BEGIN INFORMATION SUPPLIED

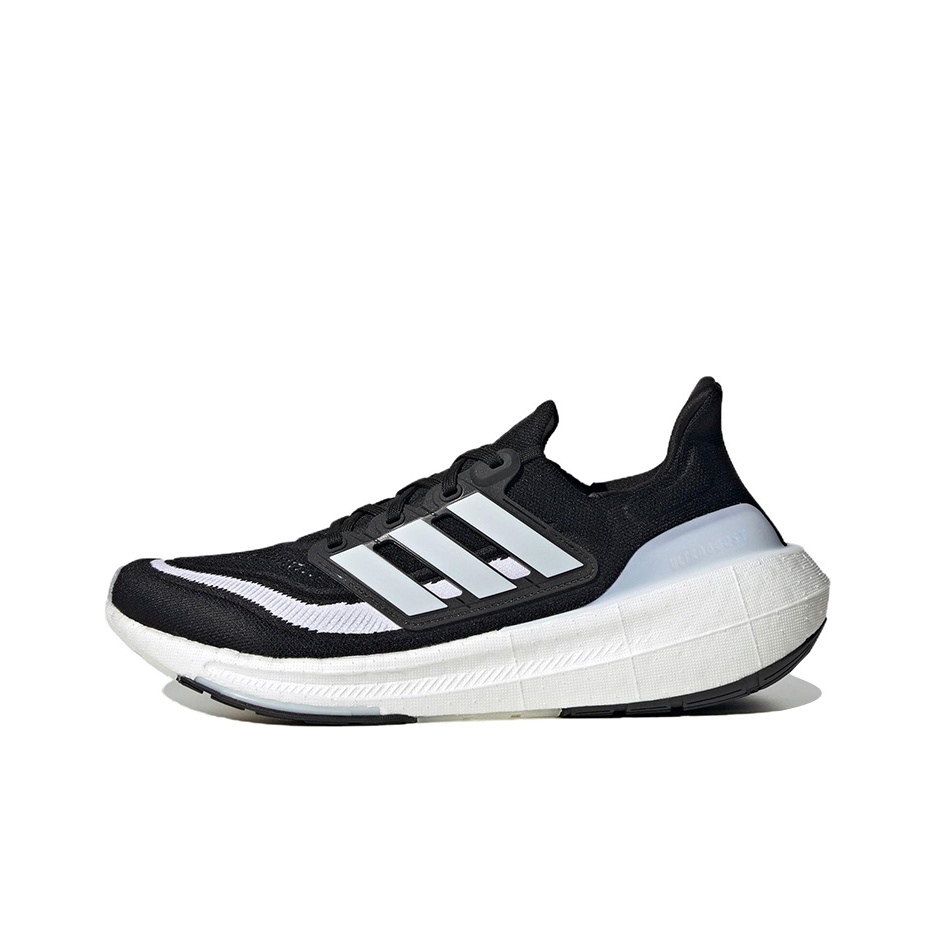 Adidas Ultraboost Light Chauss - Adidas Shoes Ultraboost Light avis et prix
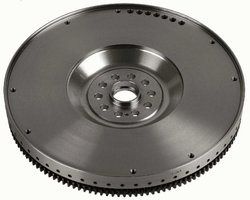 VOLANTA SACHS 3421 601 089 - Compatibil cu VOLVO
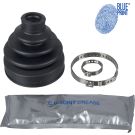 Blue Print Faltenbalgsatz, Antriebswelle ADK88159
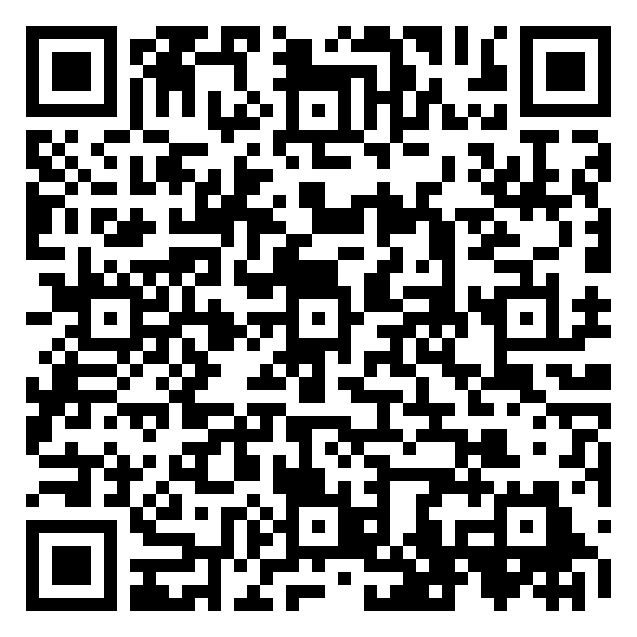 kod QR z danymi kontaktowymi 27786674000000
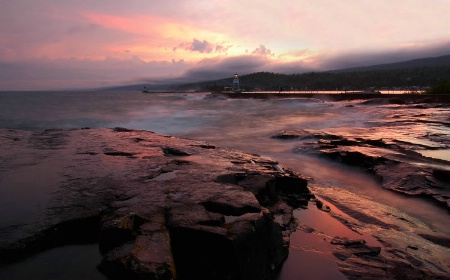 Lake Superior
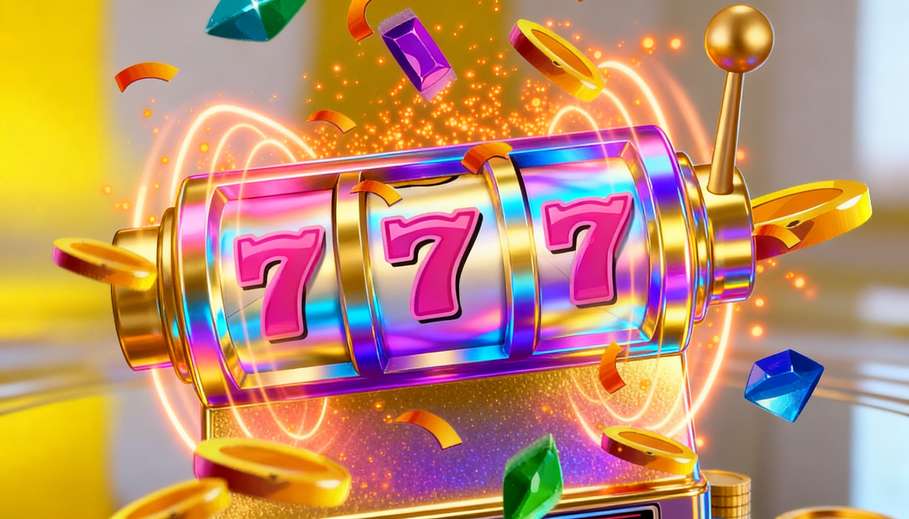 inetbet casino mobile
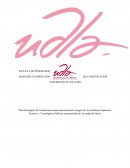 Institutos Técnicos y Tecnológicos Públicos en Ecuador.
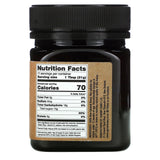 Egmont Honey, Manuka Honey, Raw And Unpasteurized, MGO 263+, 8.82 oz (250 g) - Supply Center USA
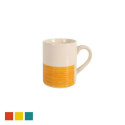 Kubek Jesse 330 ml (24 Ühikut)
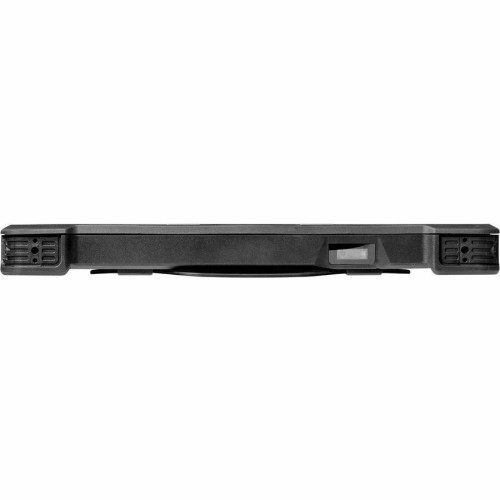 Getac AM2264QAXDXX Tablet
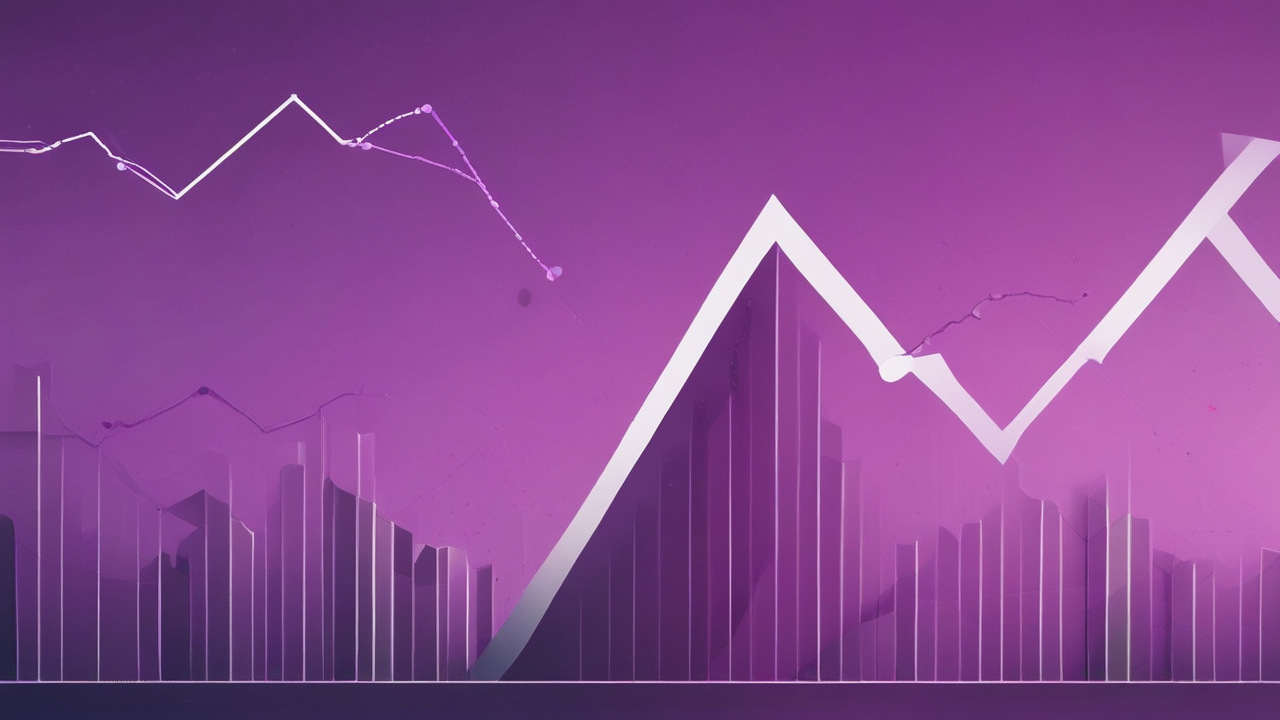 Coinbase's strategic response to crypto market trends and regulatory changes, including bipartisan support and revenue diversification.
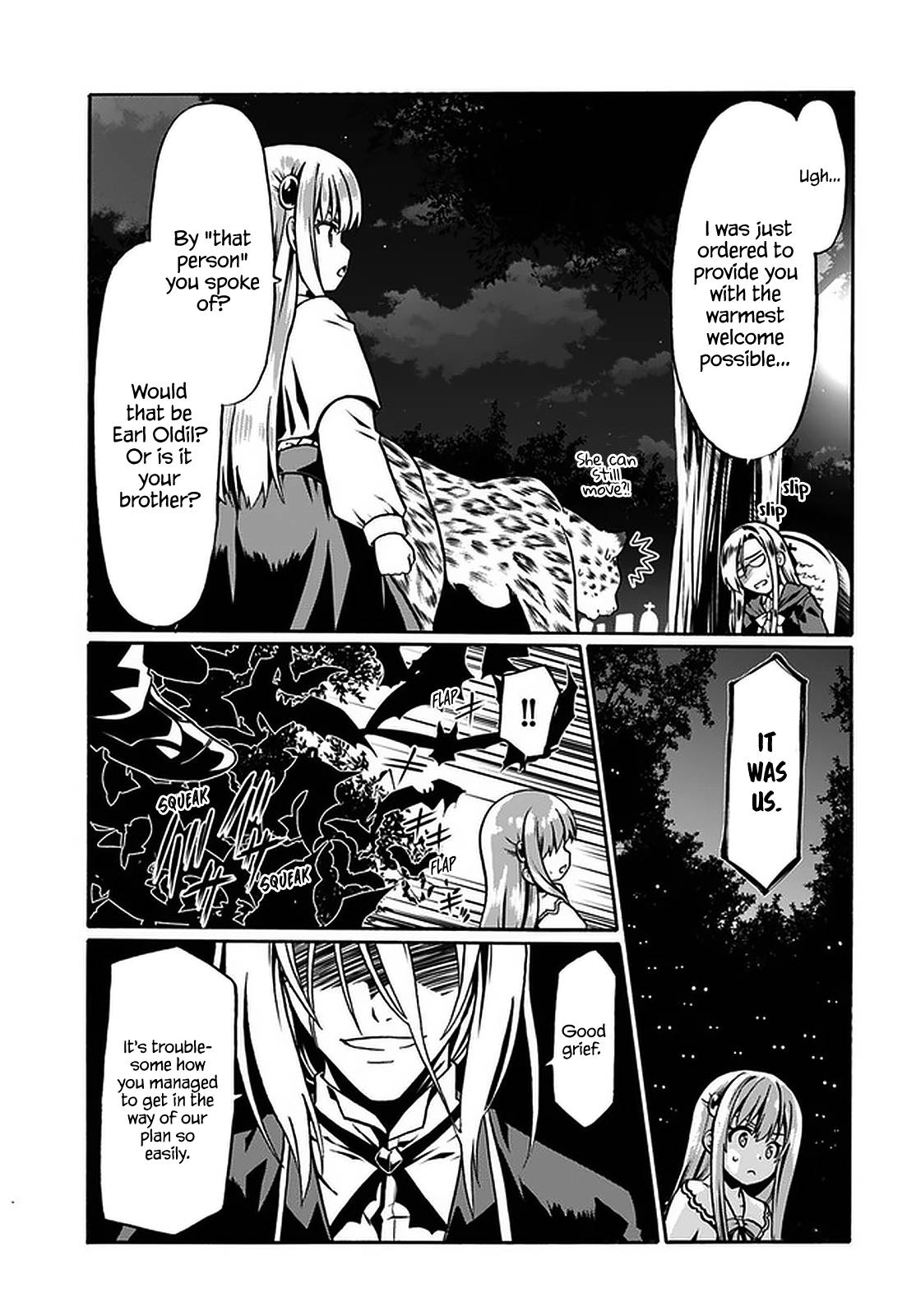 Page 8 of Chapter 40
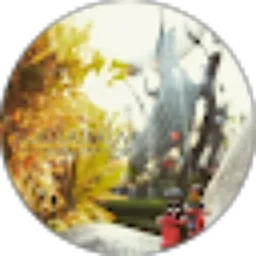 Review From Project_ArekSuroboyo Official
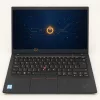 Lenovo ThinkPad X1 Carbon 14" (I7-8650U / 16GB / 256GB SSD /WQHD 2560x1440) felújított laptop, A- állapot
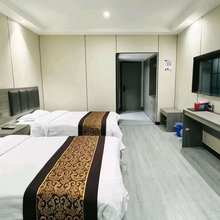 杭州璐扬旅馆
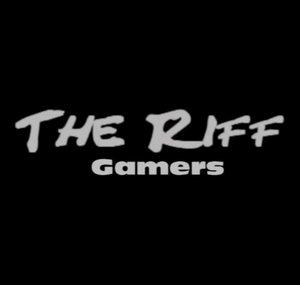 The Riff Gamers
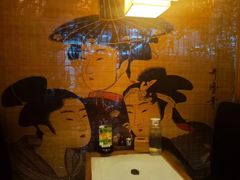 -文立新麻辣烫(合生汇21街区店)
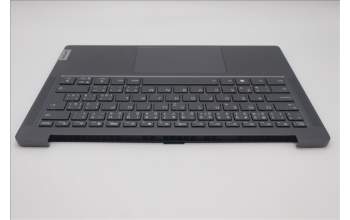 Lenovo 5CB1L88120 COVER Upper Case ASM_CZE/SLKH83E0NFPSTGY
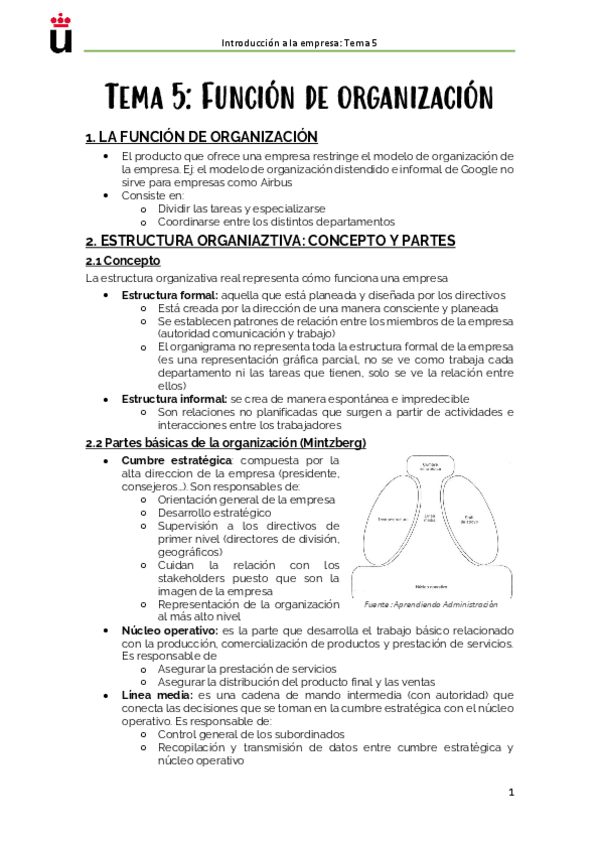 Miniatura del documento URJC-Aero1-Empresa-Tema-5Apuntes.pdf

END INFORMATION SUPPLIED

Every line between the start of the listing and the line containing "Institutos Técnicos y", both ends counted, needs to be printed exactly, minus the pictures.

* ANSWER SPACE *
 Adidas Ultraboost Light Chauss - Adidas Shoes Ultraboost Light avis et prix
 VOLANTA SACHS 3421 601 089 - Compatibil cu VOLVO
 Blue Print Faltenbalgsatz, Antriebswelle ADK88159
 kod QR z danymi kontaktowymi 27786674000000
 Lake Superior
 inetbet casino mobile
 Institutos Técnicos y Tecnológicos Públicos en Ecuador.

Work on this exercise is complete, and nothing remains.